On Amazon site, one of the reviewers wrote this problem about Kryptonite U lock having same key for multiple locks. Is this true? 
I also saw this video demonstrating it but it could be staged by the competing lock company.
Kryptonite Evolution Series 4 Problems.mp4 - YouTube


----------



## danl1 (Jul 23, 2005)

bvber said:


> On Amazon site, one of the reviewers wrote this problem about Kryptonite U lock having same key for multiple locks.
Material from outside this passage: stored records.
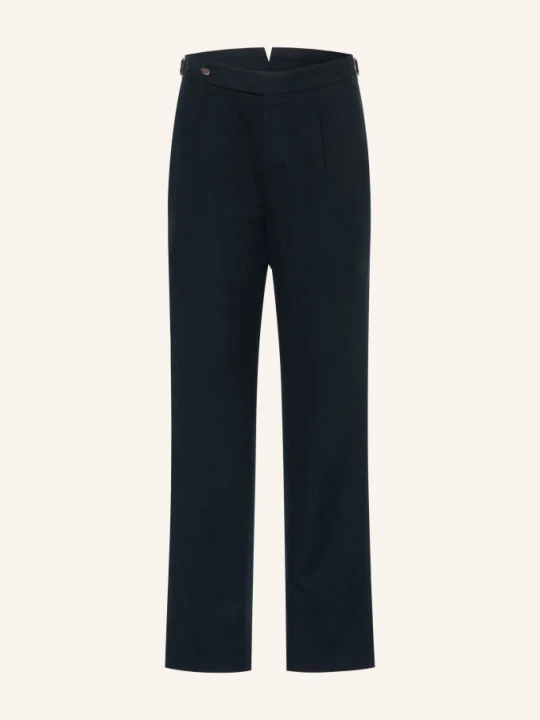 Zdjęcie produktu Boss Spodnie Perino Tapered Fit blau GRANATOWY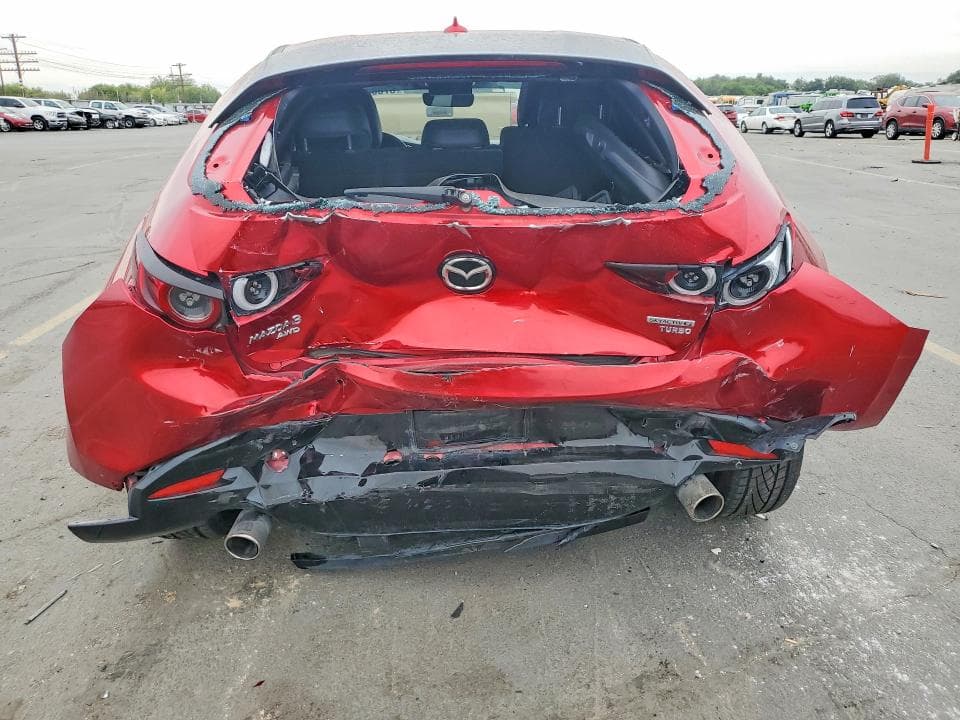 2021 MAZDA 3 6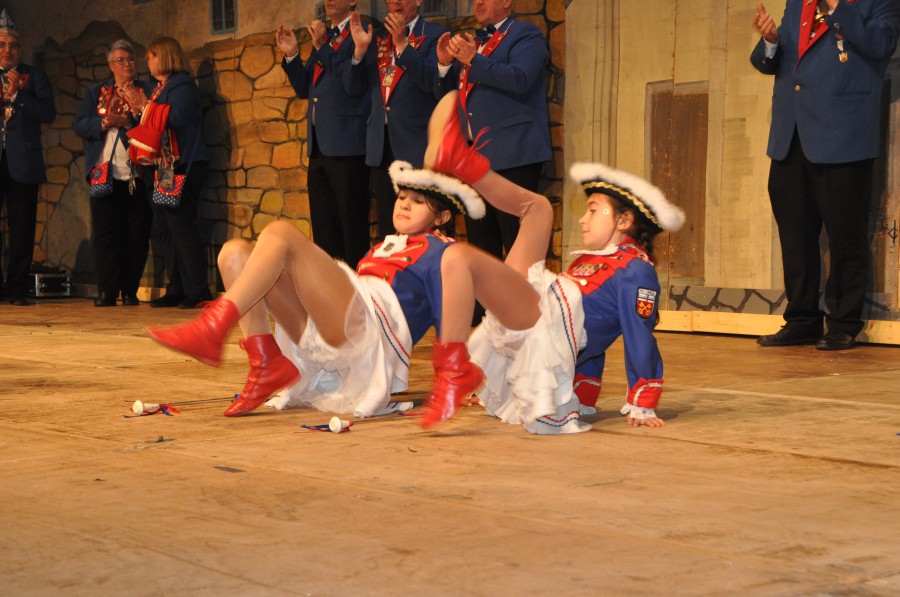 Foto Seniorenkarneval 2020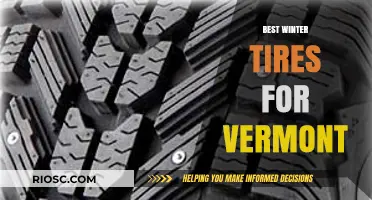 Conquering Vermont's Winter Roads: Top Tire Picks for Unmatched Traction and Safety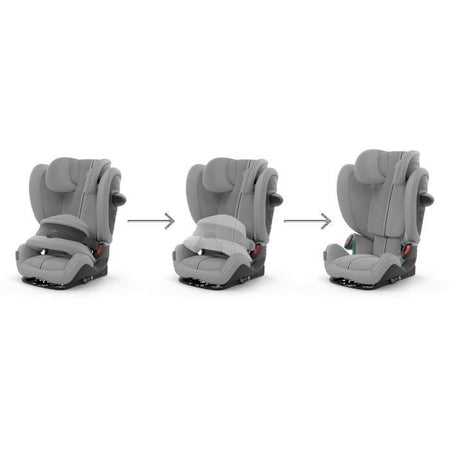 Seggiolino auto - CYBEX - Pallas G2 Plus - Grigio pietra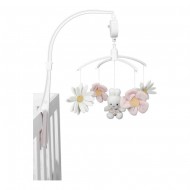 Little Dutch Musik-Mobile 'Miffy' Vintage Little Flowers 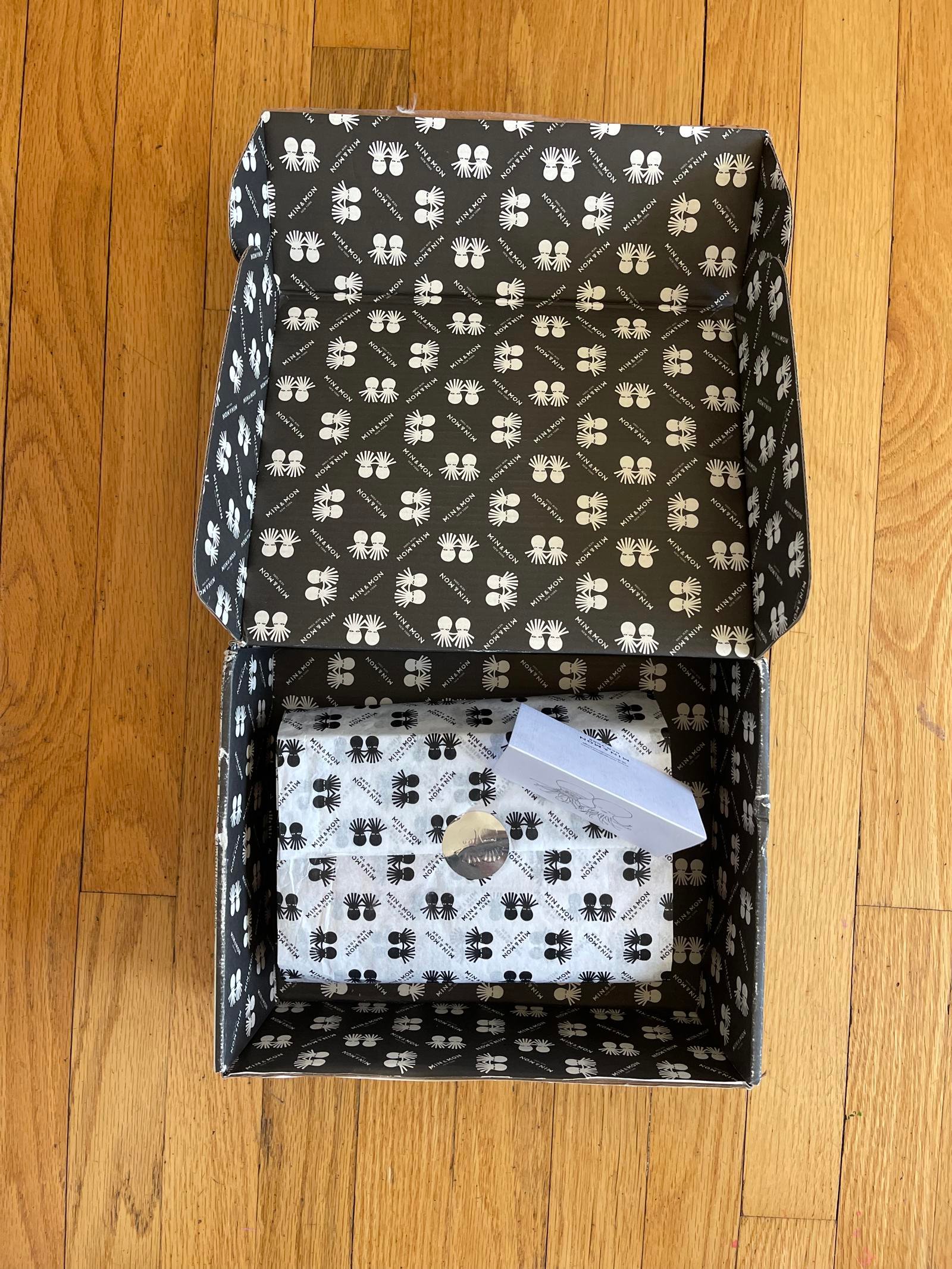 Min & Mon Amantis Crossbody Bag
Is this true?
> I also saw this video demonstrating it but it could be staged by the competing lock company.
> www(dot)youtube(dot)com/watch?v=SvyEEeJxNL4 (don't have 10 posts yet)


Kryptonite offers this as a service - so that people who want to use more than one lock on their bike (or like to leave their locks in their common destinations rather than carrying them around) don't have to sort through their keys.

(it's near the bottom of the FAQ)

FAQ


----------



## bvber (Apr 23, 2011)

In the video, the guy was going around and opening other Kryptonite locks with his own Kryptonite key. I was just wondering how common this would be.


----------



## sheepherder (Mar 11, 2012)

Anyone able to answer this question yet? I'm also seeing that review on Amazon and it would suck if they only made a few different type of keys.


----------



## bio_research (Apr 1, 2012)

I was wondering this too.


----------



## bvber (Apr 23, 2011)

I ended up going with On Guard lock.


----------



## daniell (Apr 12, 2002)

A few years ago I received two updated locks from Kriptonite after sending in my older ones. This was a free exchange program. To my surprise they both worked on the same key. I contacted the company. They responded by saying that they did this for my convenience and would change it if I wanted to. I left it as is.
To this day I have always wondered about it.


----------



## JackKalish (Apr 15, 2012)

*Key from new lock opens old lock!*

I just got a second kryptonite U-lock for my bike. Much to my dismay I discovered today that the key from the new lock can open the old lock. Both are kryptonite locks.

No doubt this is VERY disturbing. I will see if I can contact the company about this issue.


----------